Given entries »
━━━━━━━━━━━━━━━━━━━━━━━━━━━━━━
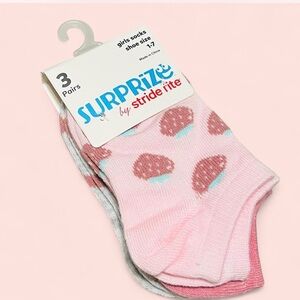 New Stride Rite Surprize Strawberry and Hearts Girls' Socks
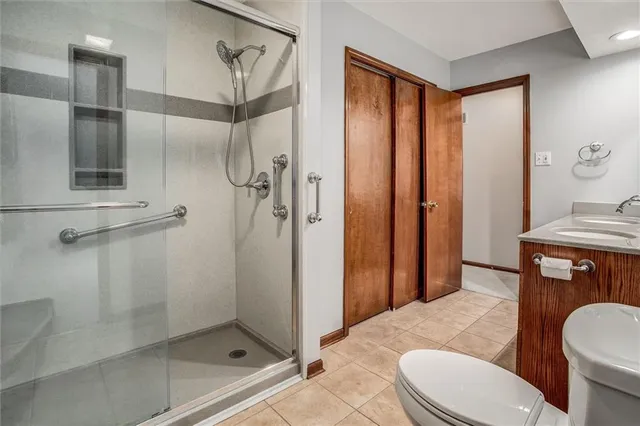 $267,500 | 4005 South Coachman Drive, Independence, MO 64055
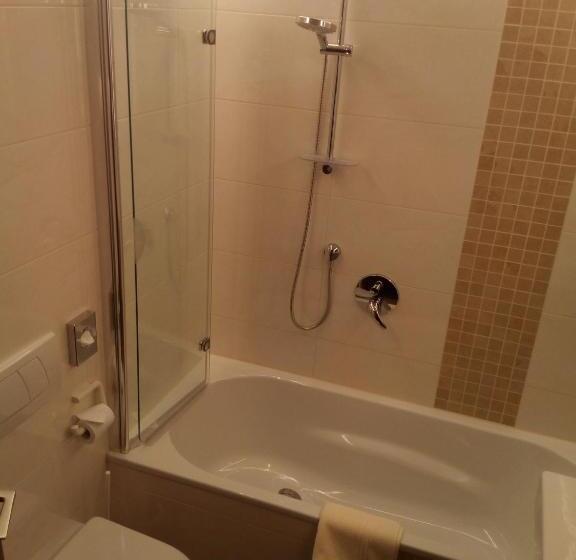 Номер Стандарт, Burg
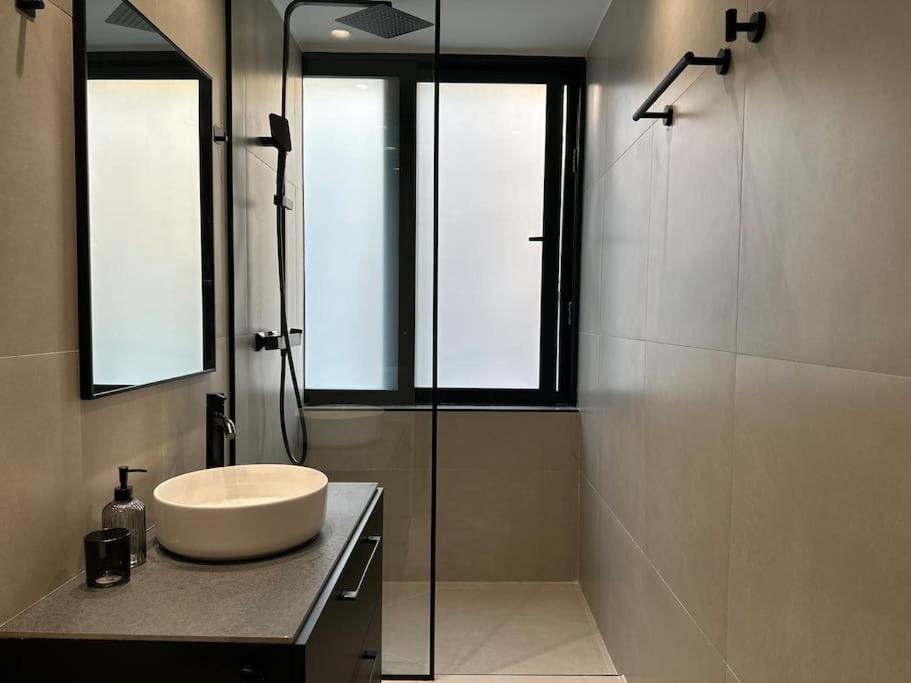 Downtown Living 3 *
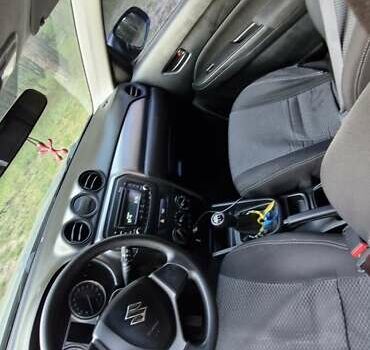 Серый Сузуки Витара, объемом двигателя 1 л и пробегом 150 тыс. км за 13000 $, фото 8 на Automoto.ua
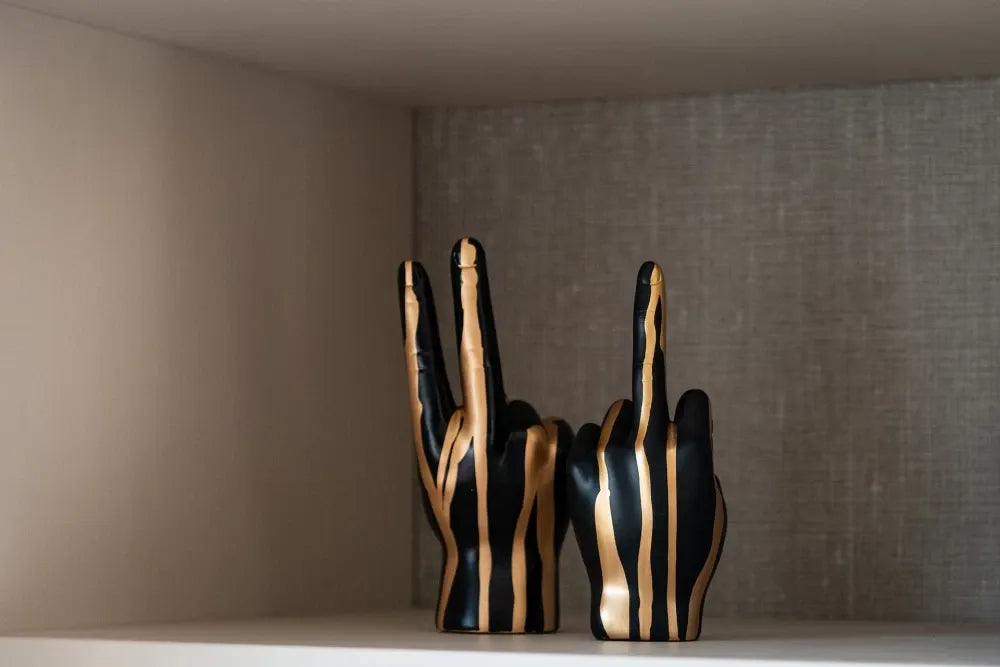 Obiect decorativ mana din Polirasina Negru/Auriu H21.5xL9cm Digitus Richmond interiors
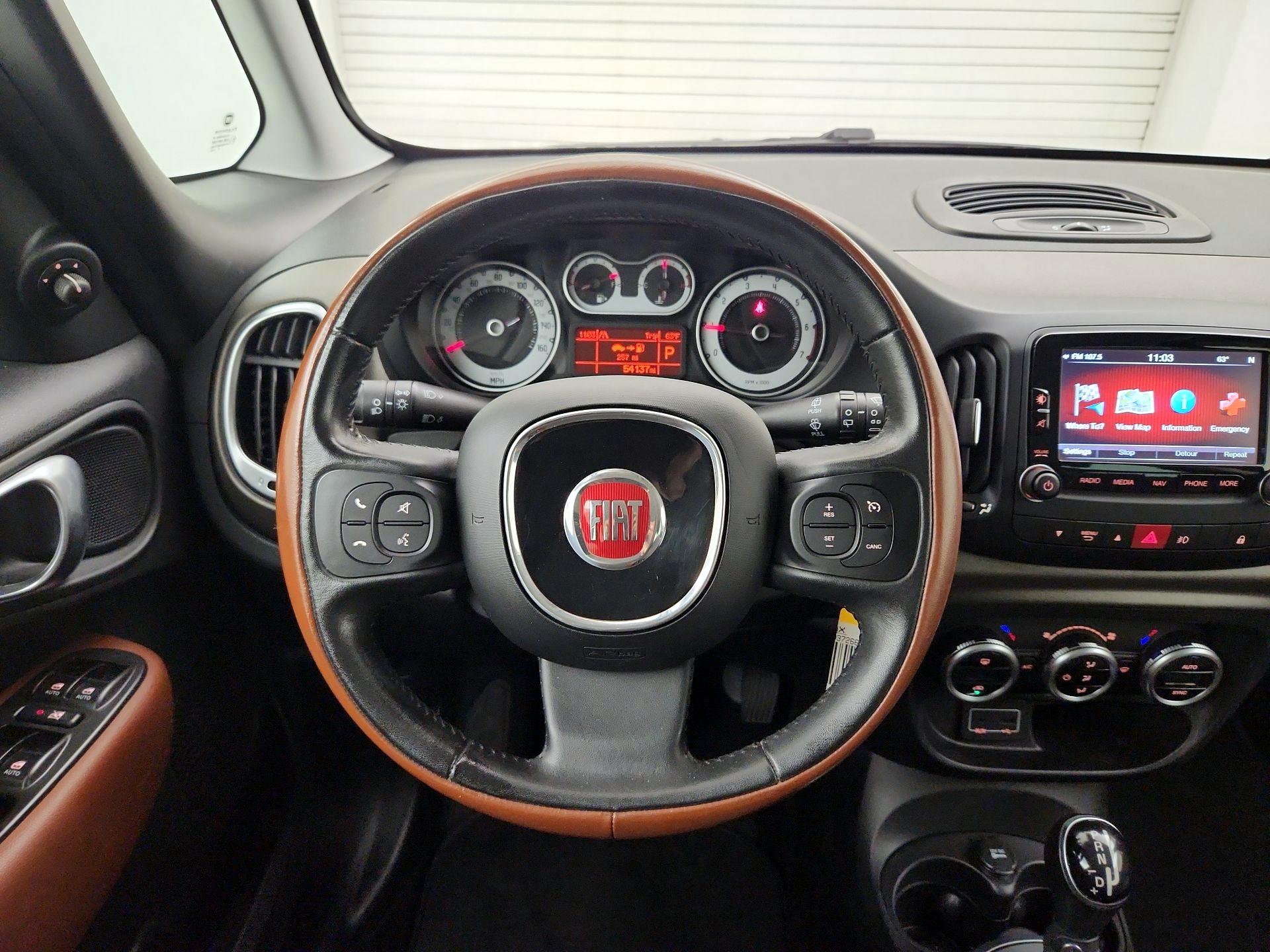 Thumbnail: 2016 Fiat 500L - 10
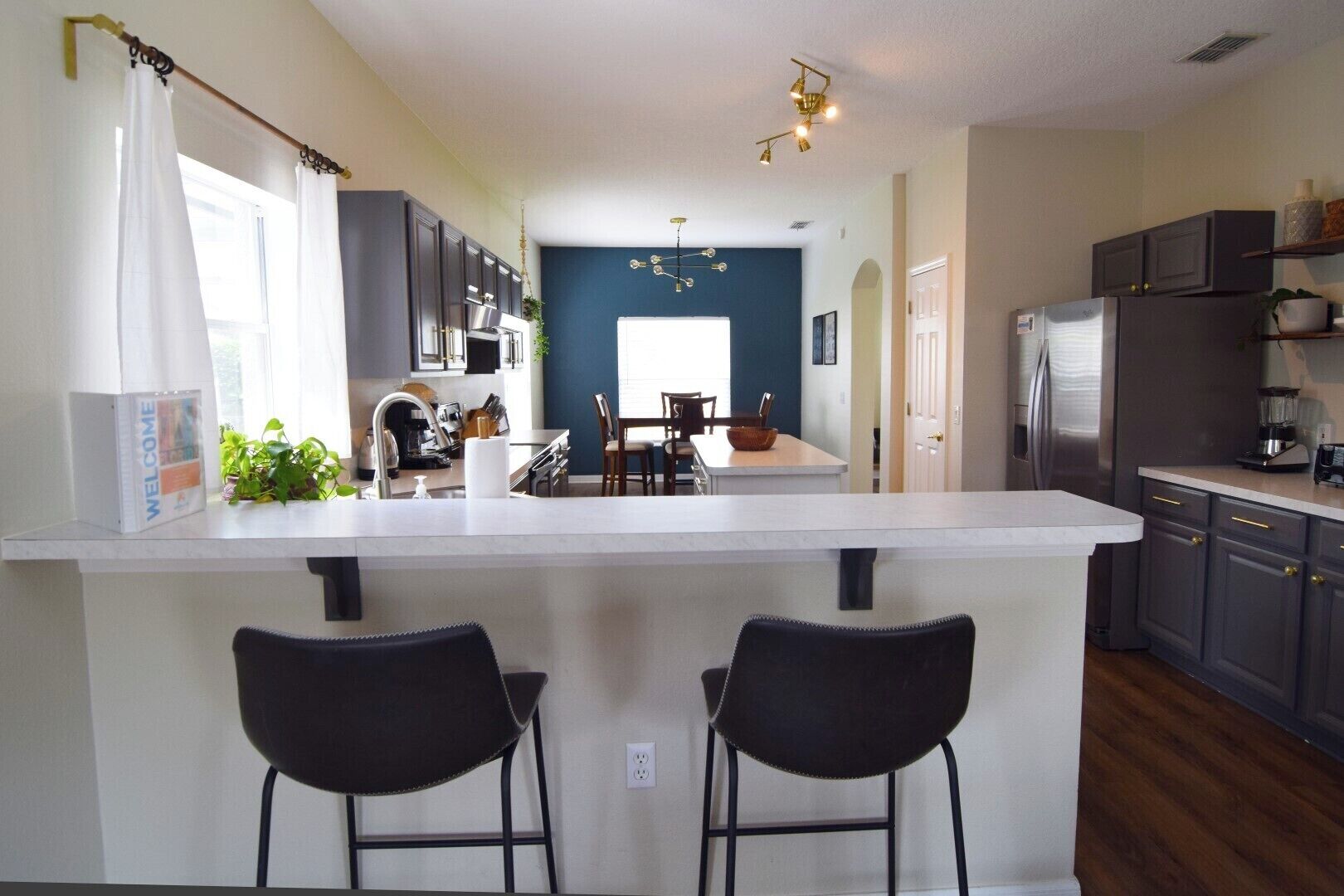 Spacious & Stylish Pool Home With Games Room On West Haven, Disney 11 miles!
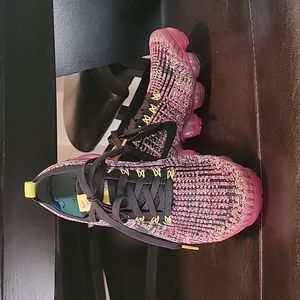 Women size 8.5 vapormax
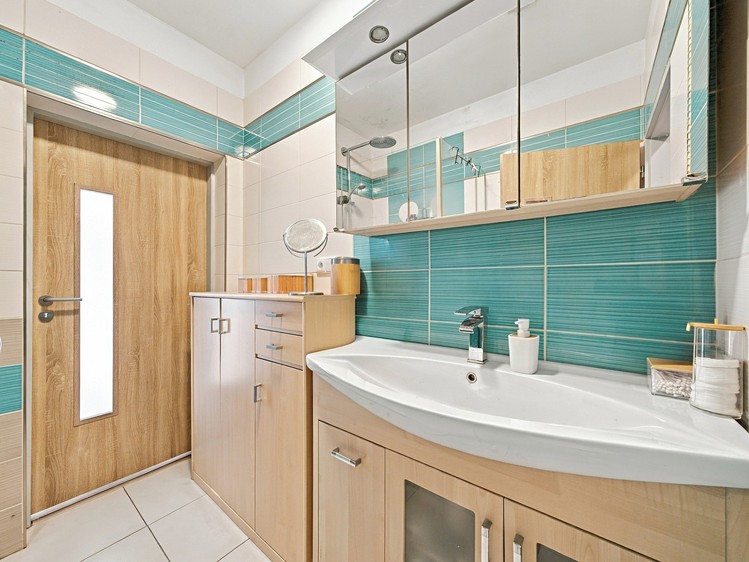 Prodej domu, 108 m² (5 z 23)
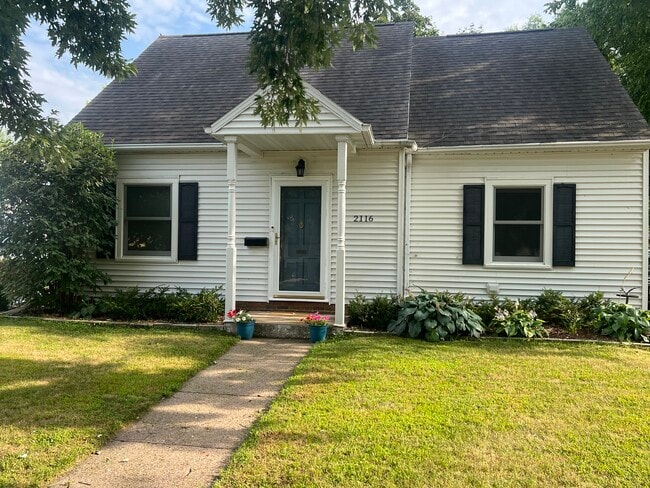 Building Photo - 2116 Vine St Rental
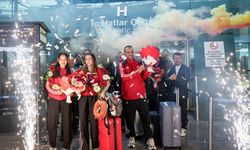 Dünya Şampiyonu Milli Tekvandoculara Coşku Dolu Karşılama!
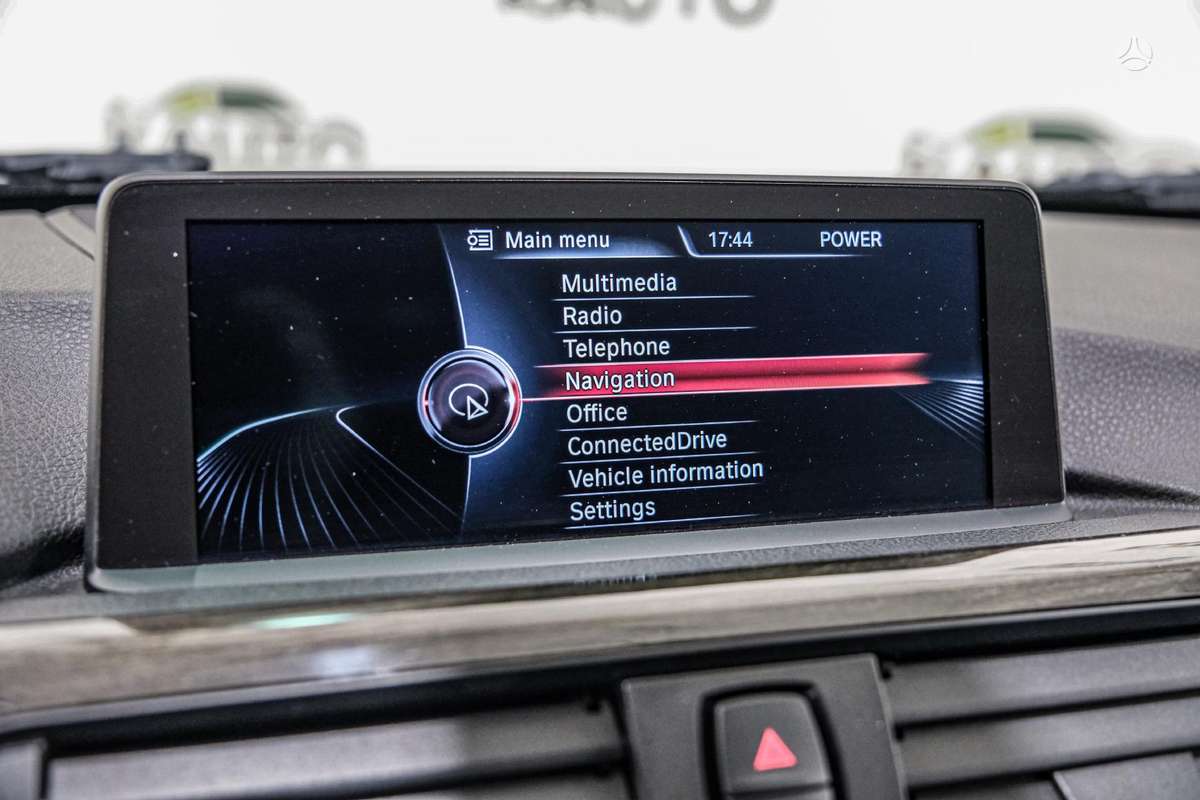 BMW 330, 3.0 l., Универсал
━━━━━━━━━━━━━━━━━━━━━━━━━━━━━━
Problem to solve » Lines before the one containing "Серый Сузуки Витара, объемом" are not wanted; repeat that line and the rest of the listing exactly, leaving out pictures.

Response area »
 Серый Сузуки Витара, объемом двигателя 1 л и пробегом 150 тыс. км за 13000 $, фото 8 на Automoto.ua
 Obiect decorativ mana din Polirasina Negru/Auriu H21.5xL9cm Digitus Richmond interiors
 Thumbnail: 2016 Fiat 500L - 10
 Spacious & Stylish Pool Home With Games Room On West Haven, Disney 11 miles!
 Women size 8.5 vapormax
 Prodej domu, 108 m² (5 z 23)
 Building Photo - 2116 Vine St Rental
 Dünya Şampiyonu Milli Tekvandoculara Coşku Dolu Karşılama!
 BMW 330, 3.0 l., Универсал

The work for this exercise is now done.